The contents described in this section merely provide background information on the embodiment of the present invention and do not constitute the prior art.

As the use of gas increases day by day in modern society, gas can help us in our daily life, but it can cause serious damage if it is used incorrectly. In order to prevent gas damage in advance, the use of gas sensors that detect flammable or harmful gas early is increasing.

Typically, gas sensors are classified into solid electrolytes, contact combustion, electrochemical, and semiconductor. Of these, semiconductor micro gas sensors are the most studied recently. This is because the semiconductor micro gas sensor is manufactured or integrated on a silicon chip, thereby exhibiting compatibility with a general IC, and low cost and high efficiency in manufacturing and operation.

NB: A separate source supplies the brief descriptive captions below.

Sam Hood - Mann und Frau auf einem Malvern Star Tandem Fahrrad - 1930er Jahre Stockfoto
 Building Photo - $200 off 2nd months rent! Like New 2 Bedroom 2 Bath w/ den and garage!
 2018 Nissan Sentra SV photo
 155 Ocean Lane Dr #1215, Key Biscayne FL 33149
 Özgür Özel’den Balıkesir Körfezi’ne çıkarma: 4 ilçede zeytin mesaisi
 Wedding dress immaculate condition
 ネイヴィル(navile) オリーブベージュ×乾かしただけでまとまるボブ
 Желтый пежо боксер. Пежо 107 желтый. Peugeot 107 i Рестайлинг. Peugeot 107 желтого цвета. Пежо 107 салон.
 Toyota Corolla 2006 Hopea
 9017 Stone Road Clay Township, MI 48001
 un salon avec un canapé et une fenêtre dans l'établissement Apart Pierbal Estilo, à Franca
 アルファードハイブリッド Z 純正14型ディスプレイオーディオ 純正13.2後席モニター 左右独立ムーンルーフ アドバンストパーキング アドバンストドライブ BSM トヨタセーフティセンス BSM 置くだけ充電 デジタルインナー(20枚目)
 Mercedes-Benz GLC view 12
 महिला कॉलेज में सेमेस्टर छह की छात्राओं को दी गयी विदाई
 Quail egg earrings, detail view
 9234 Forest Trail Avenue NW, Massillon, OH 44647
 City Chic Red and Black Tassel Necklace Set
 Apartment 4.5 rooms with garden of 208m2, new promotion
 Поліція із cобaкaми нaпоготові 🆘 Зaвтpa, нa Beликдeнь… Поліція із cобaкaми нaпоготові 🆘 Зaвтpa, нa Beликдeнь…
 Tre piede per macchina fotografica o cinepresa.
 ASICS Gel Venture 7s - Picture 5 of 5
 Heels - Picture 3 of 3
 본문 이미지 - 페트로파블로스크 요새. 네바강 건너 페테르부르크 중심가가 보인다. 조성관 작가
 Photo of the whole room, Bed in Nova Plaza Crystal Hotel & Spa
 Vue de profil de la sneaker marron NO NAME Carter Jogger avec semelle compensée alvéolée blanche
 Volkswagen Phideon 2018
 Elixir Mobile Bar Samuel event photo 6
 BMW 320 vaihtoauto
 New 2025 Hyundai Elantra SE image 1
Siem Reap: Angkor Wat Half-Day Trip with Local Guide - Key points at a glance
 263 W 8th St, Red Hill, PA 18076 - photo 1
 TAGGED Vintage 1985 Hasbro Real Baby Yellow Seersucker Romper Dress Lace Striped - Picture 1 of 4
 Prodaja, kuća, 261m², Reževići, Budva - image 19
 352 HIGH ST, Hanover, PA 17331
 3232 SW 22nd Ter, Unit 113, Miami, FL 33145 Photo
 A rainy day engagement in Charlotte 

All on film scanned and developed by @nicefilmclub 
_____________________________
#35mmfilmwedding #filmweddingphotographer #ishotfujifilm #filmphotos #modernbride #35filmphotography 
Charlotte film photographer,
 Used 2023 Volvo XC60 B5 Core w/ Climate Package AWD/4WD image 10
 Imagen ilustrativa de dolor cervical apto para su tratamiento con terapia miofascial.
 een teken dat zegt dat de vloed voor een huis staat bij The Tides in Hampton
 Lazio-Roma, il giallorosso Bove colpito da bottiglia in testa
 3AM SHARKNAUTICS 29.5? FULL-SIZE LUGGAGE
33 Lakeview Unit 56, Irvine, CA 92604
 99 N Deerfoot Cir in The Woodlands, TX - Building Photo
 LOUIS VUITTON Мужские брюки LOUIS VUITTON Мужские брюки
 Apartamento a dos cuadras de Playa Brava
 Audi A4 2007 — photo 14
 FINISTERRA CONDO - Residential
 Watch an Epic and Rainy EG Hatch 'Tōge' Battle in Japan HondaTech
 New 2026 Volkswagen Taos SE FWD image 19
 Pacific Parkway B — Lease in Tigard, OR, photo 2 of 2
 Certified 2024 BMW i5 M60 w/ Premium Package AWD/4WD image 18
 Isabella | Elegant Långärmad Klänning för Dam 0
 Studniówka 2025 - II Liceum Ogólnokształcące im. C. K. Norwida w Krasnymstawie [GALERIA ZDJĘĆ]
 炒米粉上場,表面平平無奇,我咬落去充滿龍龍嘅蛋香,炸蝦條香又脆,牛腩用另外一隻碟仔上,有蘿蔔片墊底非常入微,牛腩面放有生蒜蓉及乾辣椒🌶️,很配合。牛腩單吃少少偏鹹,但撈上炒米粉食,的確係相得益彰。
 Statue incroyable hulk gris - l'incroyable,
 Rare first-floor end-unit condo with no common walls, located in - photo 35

1 is a cross-sectional view of a conventional micro gas sensor. 1, a conventional semiconductor type micro gas sensor has a structure in which an insulating film 10, a silicon substrate 12 and an insulating film 14 are sequentially laminated from the lowest. On the heater electrode 18, an insulating film 20, And a sensing electrode 22 and a gas sensing film 24 are stacked on the insulating film 20.

In such a conventional semiconductor micro gas sensor, there is a difficulty in a process of accurately dropping the sensing material to the center of the sensing electrode 22 using a micro-syringe to form the sensing film 24.

In addition, the micro gas sensor having the above-described structure has a multilayer thin film structure. That is, the heater electrode and the sensing electrode are not formed on the same plane but have a laminated multilayer structure. In such a gas sensor having a multi-layer structure, there is a possibility that the heater electrode and the sensing electrode are short-circuited during the manufacturing process, and the defective rate of the product is increased.

According to one aspect of the present invention, there is provided a method of manufacturing a gas sensor array, comprising the steps of: forming a gas sensor array on a silicon substrate by a micromachining technique;

It is another object of the present invention to provide a gas sensor formed by coating a sensing material with electrohydrodynamic printing and a method of manufacturing the same.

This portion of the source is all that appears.